I don’t think opera needs to change too much – it is a combination of art forms that creates something that is bigger than the sum of its parts. When you think about this definition of opera, it’s not really changed from Monteverdi to Donizetti, from Wagner to Thomas Ades. The passion to communicate something from me to you is the foundation of our profession.

 

 

Thank you to Daniel Cohen for his fascinating insights and openness in the discussion this week. You can learn more about Daniel, including details of his upcoming performances at his website here. As always, please leave comments below to let us know what you thought and if you have any suggestions for future interviews!

 

Notes and Links

  1. A General Music Direktor (Generalmusikdirektor or GMD) is the musical head of a theatre in the German opera system. They are a conductor who is in charge of musical programming and planning, the artistic output of the music staff and singers, and they have the first say on what they will conduct in a season. They also have a strong influence on any casting decisions taken by the theatre.
  2. A Kapellmeister is a conductor who is one step down from the GMD. They usually have the second choice of performances to conduct after the GMD. Often there is a first and second Kapellmeister in a theatre. 

 

  • The conducting course at the Royal Academy of Music is now run by Sian Edwards.
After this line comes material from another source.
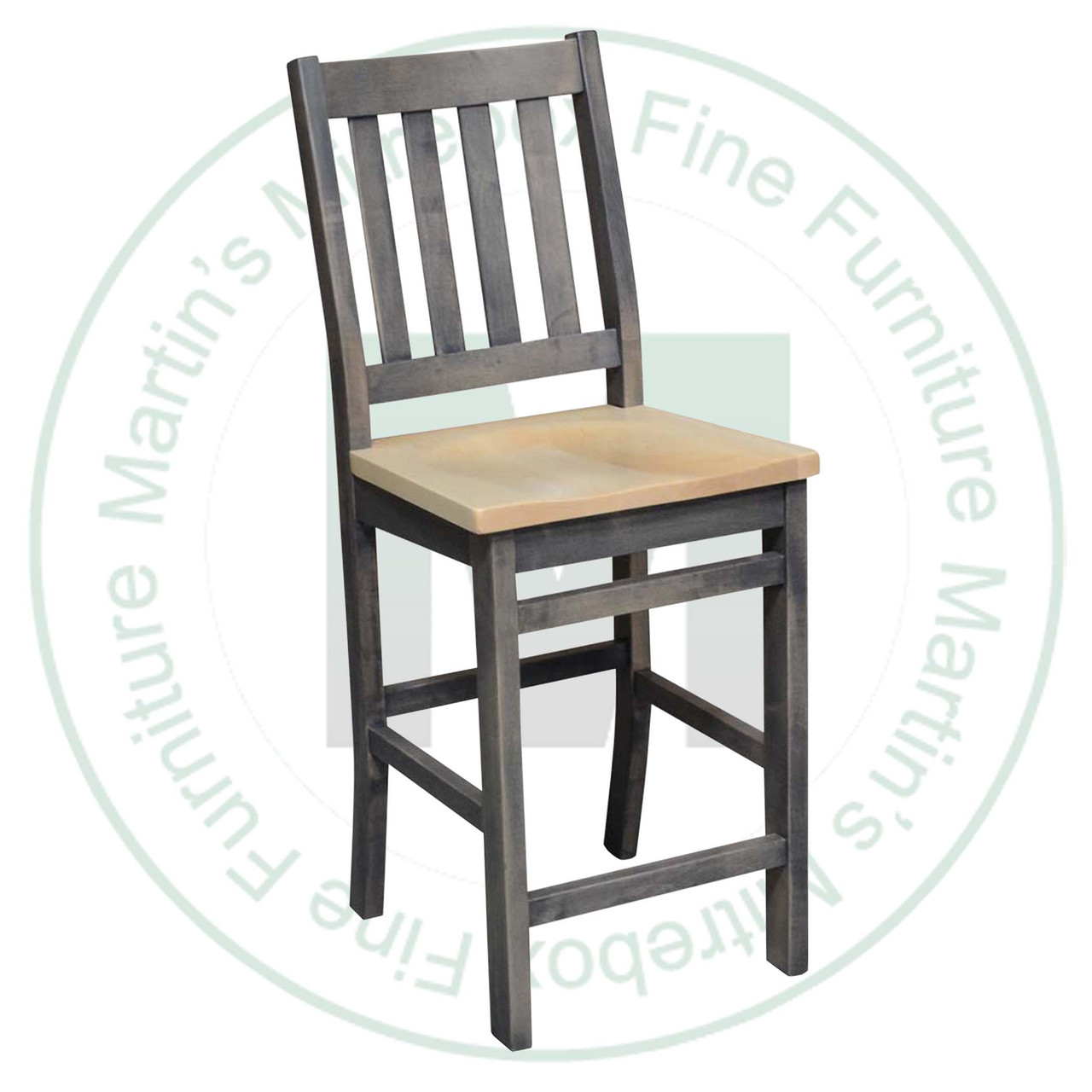 Oak Brant 24" counter chair with Wood Seat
You can read more about the course at their website here.
  • The West-Eastern Divan Orchestra (link here) was founded in 1999 by Daniel Barenboim and Edward Said, and its aim is to promote understanding between Israelis and Palestinians and pave the way for a peaceful and fair solution of the Arab-Israeli conflict.
  • The Lucerne Festival (link here) was founded in 1938 and invites top musicians from around the world every year to an idyllic setting nestled on Lake Lucerne, in the heart of Switzerland. Unfortunately the 2020 festival has been cancelled due to the COVID-19 pandemic.